TASK PROMPT: Provide nothing except how many lines of the data contain the word "Nissan".

------ PROVIDED RECORDS ------

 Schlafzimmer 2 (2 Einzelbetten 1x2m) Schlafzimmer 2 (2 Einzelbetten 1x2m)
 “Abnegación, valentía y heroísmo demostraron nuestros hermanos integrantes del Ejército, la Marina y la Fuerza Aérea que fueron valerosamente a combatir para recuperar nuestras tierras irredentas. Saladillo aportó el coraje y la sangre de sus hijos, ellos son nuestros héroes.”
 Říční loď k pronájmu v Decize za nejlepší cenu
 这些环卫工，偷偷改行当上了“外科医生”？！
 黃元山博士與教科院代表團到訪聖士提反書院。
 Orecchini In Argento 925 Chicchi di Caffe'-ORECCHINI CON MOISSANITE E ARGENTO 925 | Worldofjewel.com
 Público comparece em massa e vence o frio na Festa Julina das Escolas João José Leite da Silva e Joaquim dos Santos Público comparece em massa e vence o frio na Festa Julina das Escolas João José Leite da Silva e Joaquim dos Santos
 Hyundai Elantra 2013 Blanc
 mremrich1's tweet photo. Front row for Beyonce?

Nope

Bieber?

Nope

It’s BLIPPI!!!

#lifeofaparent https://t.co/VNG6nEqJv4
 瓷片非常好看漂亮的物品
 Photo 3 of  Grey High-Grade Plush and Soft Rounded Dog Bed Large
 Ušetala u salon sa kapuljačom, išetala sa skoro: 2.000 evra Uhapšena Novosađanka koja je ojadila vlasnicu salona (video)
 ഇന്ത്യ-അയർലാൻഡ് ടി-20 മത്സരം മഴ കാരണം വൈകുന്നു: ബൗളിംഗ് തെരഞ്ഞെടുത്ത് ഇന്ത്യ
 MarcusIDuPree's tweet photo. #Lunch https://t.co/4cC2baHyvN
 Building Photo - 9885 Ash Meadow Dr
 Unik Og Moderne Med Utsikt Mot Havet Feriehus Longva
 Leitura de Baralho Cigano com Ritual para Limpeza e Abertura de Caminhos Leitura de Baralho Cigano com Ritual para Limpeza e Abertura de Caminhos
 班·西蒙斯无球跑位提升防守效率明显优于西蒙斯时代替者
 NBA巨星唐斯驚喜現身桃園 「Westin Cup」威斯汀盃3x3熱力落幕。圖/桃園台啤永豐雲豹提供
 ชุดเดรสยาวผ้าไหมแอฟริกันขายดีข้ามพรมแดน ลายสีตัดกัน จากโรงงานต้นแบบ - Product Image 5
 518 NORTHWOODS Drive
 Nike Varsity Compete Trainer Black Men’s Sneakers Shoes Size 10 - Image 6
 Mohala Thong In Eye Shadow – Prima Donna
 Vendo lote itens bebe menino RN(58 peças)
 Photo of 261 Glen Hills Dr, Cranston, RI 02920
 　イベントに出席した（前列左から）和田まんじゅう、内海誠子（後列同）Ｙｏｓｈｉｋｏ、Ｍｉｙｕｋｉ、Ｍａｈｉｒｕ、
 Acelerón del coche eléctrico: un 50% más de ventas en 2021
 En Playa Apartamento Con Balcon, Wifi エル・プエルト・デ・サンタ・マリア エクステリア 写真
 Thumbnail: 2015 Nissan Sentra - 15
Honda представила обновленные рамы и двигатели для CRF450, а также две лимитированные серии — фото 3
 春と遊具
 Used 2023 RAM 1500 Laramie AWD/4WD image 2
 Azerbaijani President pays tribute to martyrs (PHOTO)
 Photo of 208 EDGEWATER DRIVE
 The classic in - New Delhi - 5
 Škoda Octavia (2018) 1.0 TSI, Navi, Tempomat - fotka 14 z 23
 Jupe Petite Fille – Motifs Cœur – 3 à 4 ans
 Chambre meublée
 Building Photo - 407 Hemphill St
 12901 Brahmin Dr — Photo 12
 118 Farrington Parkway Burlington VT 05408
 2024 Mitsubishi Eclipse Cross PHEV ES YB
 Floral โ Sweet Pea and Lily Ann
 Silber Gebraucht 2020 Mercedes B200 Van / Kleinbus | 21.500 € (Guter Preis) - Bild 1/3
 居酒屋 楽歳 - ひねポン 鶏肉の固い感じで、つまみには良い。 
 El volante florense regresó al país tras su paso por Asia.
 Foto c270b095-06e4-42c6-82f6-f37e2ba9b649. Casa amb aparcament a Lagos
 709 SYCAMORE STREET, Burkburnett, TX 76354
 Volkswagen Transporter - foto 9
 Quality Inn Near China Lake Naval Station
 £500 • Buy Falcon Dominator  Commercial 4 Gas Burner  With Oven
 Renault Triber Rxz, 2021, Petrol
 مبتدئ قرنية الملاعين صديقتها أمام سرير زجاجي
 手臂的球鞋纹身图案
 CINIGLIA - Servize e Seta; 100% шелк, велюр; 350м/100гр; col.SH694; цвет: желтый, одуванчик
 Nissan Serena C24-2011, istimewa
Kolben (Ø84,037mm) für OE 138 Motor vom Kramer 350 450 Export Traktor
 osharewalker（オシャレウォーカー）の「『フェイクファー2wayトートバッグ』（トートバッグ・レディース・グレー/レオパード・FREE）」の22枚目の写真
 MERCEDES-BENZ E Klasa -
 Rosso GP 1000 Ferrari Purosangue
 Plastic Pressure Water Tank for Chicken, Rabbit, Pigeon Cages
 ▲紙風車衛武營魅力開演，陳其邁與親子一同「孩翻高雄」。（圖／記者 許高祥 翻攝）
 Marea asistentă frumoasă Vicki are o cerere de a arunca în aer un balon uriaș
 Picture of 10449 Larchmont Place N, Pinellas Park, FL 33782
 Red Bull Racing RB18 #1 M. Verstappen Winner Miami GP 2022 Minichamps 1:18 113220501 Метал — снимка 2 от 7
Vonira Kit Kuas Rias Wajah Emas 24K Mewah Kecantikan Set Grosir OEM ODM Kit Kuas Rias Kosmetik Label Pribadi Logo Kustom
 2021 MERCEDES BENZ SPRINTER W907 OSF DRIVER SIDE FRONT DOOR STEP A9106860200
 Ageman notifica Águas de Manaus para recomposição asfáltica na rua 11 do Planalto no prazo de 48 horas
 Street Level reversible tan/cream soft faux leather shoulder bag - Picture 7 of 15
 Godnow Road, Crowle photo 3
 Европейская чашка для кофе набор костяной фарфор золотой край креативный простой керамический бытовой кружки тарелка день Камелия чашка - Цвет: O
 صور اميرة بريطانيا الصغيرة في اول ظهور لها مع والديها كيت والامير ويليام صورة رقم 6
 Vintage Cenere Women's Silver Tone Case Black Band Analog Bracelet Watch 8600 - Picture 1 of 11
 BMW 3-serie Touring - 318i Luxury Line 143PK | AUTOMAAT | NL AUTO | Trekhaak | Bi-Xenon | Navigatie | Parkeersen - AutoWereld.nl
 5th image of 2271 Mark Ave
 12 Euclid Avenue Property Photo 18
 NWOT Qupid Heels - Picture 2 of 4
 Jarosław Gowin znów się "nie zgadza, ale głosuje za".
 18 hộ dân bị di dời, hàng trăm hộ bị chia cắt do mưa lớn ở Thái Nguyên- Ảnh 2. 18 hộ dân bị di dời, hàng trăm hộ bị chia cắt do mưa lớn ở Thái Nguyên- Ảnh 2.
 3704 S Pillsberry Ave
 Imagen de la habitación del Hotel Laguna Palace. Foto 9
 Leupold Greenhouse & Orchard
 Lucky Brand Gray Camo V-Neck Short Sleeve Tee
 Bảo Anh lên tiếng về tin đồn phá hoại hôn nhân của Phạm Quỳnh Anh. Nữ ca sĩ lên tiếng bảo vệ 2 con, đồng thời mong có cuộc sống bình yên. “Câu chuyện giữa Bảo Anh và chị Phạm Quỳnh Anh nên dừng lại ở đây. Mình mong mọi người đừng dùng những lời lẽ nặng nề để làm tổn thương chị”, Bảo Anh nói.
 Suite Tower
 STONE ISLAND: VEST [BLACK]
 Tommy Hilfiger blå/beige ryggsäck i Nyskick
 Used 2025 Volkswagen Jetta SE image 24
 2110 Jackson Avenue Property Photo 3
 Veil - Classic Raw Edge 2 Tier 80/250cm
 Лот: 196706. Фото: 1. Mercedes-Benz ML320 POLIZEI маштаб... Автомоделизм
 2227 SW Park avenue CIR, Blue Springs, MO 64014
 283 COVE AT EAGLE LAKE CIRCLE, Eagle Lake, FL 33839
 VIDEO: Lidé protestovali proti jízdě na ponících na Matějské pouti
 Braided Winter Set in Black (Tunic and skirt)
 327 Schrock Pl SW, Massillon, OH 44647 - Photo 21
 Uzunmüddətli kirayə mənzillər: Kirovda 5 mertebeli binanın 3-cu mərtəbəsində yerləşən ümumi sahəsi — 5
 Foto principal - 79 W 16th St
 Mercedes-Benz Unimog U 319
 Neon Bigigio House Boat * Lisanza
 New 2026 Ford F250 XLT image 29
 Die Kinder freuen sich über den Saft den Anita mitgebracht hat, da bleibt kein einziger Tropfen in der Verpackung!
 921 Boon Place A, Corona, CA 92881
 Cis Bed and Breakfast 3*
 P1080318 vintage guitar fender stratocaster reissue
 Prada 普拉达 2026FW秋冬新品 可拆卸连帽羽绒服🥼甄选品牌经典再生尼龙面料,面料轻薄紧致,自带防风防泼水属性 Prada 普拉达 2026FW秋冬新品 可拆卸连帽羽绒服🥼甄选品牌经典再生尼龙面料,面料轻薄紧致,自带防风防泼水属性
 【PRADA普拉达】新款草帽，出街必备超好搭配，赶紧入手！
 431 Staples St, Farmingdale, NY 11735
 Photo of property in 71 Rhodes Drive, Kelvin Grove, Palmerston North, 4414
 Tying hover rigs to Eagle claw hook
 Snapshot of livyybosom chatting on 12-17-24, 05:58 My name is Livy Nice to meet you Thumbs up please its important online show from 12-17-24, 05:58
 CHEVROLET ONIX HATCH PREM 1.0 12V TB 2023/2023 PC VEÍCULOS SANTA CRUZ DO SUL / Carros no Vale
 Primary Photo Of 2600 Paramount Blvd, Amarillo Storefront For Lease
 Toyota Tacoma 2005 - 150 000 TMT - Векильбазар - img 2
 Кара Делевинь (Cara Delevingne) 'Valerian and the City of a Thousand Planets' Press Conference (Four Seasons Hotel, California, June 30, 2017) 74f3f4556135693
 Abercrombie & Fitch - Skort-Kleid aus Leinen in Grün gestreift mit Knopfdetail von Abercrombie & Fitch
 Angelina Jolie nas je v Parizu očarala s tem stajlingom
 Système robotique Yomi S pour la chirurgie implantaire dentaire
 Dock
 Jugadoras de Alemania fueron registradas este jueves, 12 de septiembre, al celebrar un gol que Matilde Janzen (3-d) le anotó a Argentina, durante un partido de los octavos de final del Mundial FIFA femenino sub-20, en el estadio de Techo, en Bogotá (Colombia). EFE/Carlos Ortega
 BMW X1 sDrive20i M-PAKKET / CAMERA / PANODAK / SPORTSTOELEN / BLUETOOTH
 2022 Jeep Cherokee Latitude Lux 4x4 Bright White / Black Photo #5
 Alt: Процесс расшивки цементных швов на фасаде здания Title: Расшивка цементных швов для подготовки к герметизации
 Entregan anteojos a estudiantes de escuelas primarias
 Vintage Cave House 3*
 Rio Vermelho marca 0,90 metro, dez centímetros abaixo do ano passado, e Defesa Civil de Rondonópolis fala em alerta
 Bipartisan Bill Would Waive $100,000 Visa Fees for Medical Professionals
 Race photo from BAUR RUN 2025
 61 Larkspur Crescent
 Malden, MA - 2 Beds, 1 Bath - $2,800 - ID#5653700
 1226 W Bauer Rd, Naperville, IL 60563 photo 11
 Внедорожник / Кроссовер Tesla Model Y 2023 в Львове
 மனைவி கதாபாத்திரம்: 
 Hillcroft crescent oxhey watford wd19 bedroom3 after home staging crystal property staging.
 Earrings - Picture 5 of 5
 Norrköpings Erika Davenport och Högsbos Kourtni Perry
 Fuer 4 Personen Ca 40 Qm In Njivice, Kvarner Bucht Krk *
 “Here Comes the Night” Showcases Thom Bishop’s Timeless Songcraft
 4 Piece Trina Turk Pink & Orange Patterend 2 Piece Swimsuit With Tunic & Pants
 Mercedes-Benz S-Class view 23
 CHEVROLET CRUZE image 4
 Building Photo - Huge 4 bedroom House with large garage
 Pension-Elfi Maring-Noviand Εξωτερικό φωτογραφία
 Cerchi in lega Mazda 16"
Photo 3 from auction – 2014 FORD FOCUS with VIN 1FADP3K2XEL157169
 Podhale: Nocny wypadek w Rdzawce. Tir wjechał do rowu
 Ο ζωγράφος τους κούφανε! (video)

------

RESULT: 2